WHAT TO WORK ON - Copy nothing but the lines below running from the line containing "Tripoli De Barbarie" through the line containing "Wave Silver Bangle", both end lines included.

SUPPLIED INFORMATION -
◆ ◆ ◆ ◆

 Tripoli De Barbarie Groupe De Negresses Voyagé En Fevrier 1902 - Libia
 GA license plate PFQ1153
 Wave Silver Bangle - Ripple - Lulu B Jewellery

◆ ◆ ◆ ◆

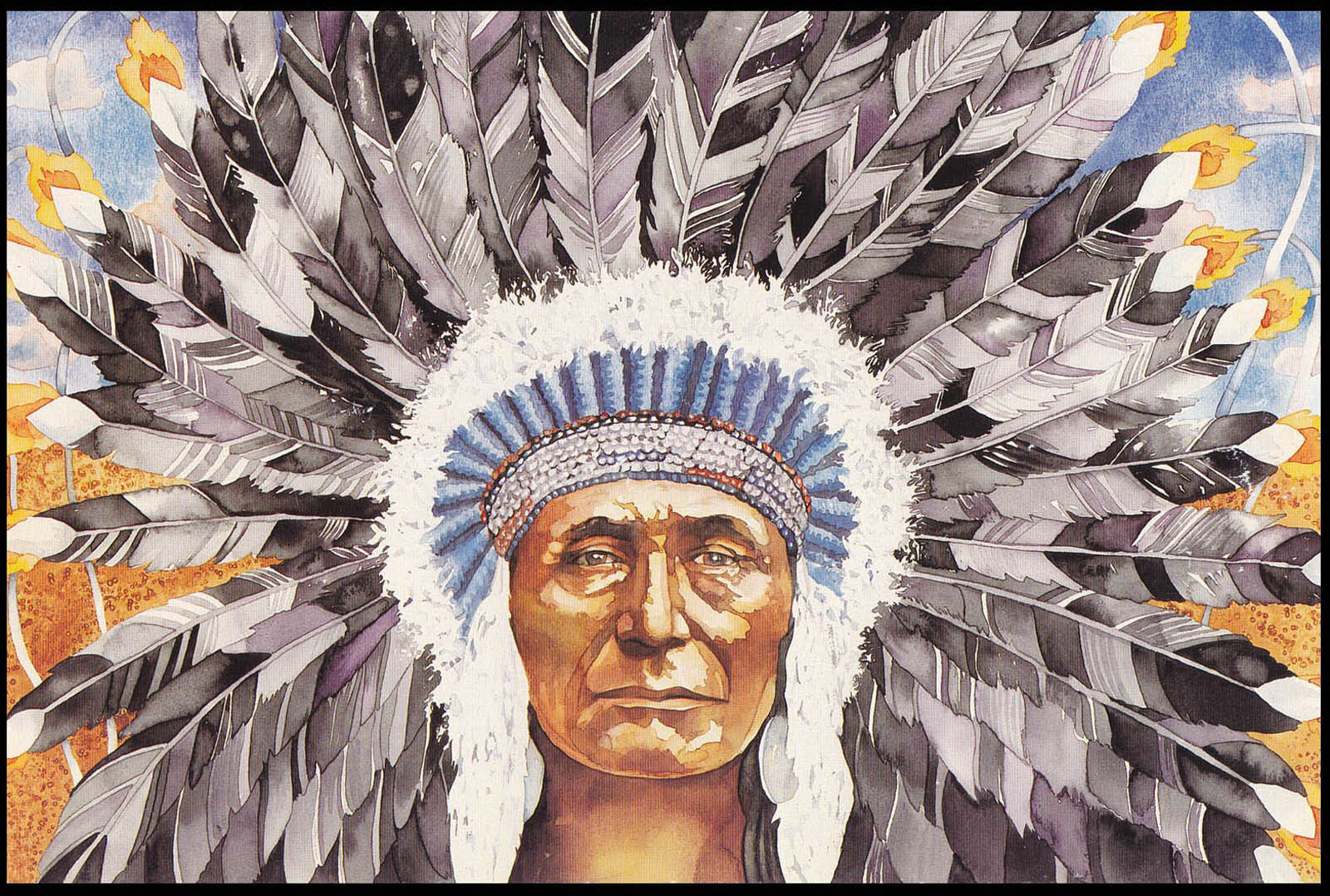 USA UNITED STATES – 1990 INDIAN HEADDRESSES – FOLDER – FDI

◆ ◆ ◆ ◆

TASK SOLUTION -
 Tripoli De Barbarie Groupe De Negresses Voyagé En Fevrier 1902 - Libia
 GA license plate PFQ1153
 Wave Silver Bangle - Ripple - Lulu B Jewellery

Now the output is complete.